Daarom moet de overgang naar een duurzame samenleving onverminderd doorgaan om de gevolgen van klimaatverandering zoveel mogelijk te beperken. Dus investeren in zonnepanelen, waterkracht en elektrische voertuigen. Fossiele brandstoffen in de grond houden, in plaats van het zoeken naar nieuwe olievoorraden in de Barentszzee.
Dit is natuurlijk een vaak gehoord geluid, waar helaas niet genoeg en vooral niet op tijd naar geluisterd is. De zorg bestaat dat we al te laat zijn om een opwarming van boven de 1,5 graden te voorkomen – zoals gewenst werd in Parijs vorig jaar. De klimaatscenario’s die dat voorzien vereisen namelijk dat we op een gegeven moment CO₂ uit de atmosfeer moeten gaan opnemen i.p.v. uitstoten. De technologie om dat op een wereldwijde schaal te bereiken bestaat echter nog niet.
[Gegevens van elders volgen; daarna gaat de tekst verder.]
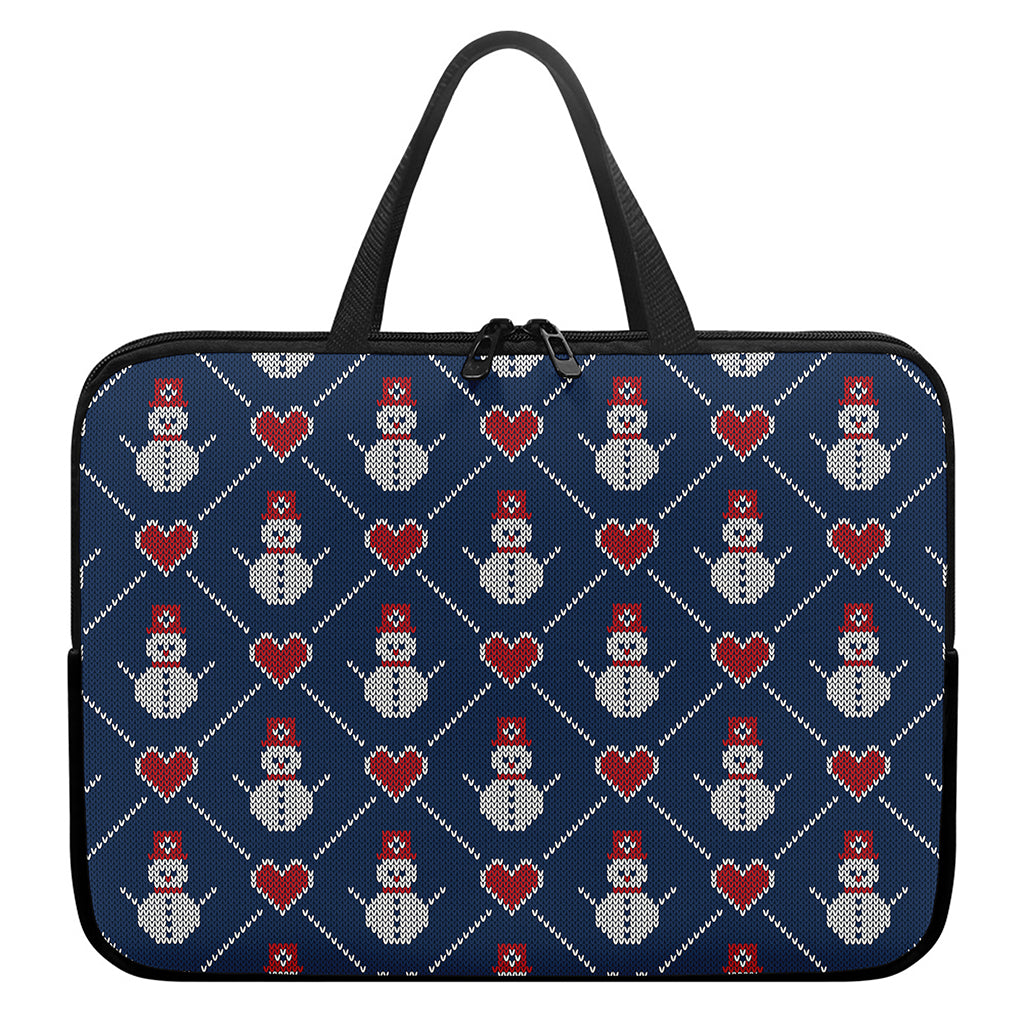 Cute Snowman Knitted Pattern Print Laptop Sleeve With Handle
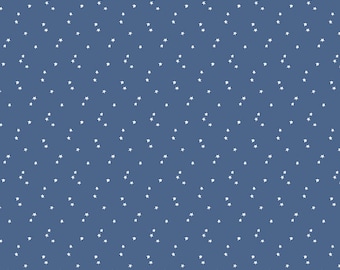 Patriotic Stars Fabric, Seasonal Basics White Stars on Blue by Riley Blake Designs Quilting Cotton Fabric, Mini Patriotic Star Blender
De inhaalslag van zonne- en windenergie aan de ene kant en onderzoek naar zaken als kunstmatige, efficiëntere fotosynthese (het chemisch afbreken van CO₂ met behulp van zonlicht) aan de andere kant bieden wel hoop dat zo’n scenario met een negatieve uitstoot ooit werkelijkheid kan worden. Maar vooralsnog moeten we er rekening mee houden dat we ons flink zullen moeten aanpassen aan de gevolgen van klimaatverandering.
Was het slechts pech met het weer en geen klimaatverandering? Tja, dat is een valse tegenstelling.
Een betere voorbereiding op overstromingen bijvoorbeeld. Alhoewel Noorwegen begin juni veel geluk had met het warme weer, kan dezelfde nattigheid als in Centraal-Europa ook hier voorkomen. Klimaatmodellen voorspellen meer regen voor de toekomst, met name in het westen van het land. Een slimme waterhuishouding en preciezere weersvoorspellingen kunnen dan veel leed besparen.
In de laag liggende landen van Europa bijvoorbeeld, zoals Nederland, geeft men water meer ruimte door onbewoonde gebieden gecontroleerd te laten overstromen – waardoor steden gespaard worden. En in verschillende Noorse steden worden testen uitgevoerd met groene daken. De planten die op zo’n dak groeien, bufferen grote hoeveelheden regen, zodat die niet meteen afstroomt.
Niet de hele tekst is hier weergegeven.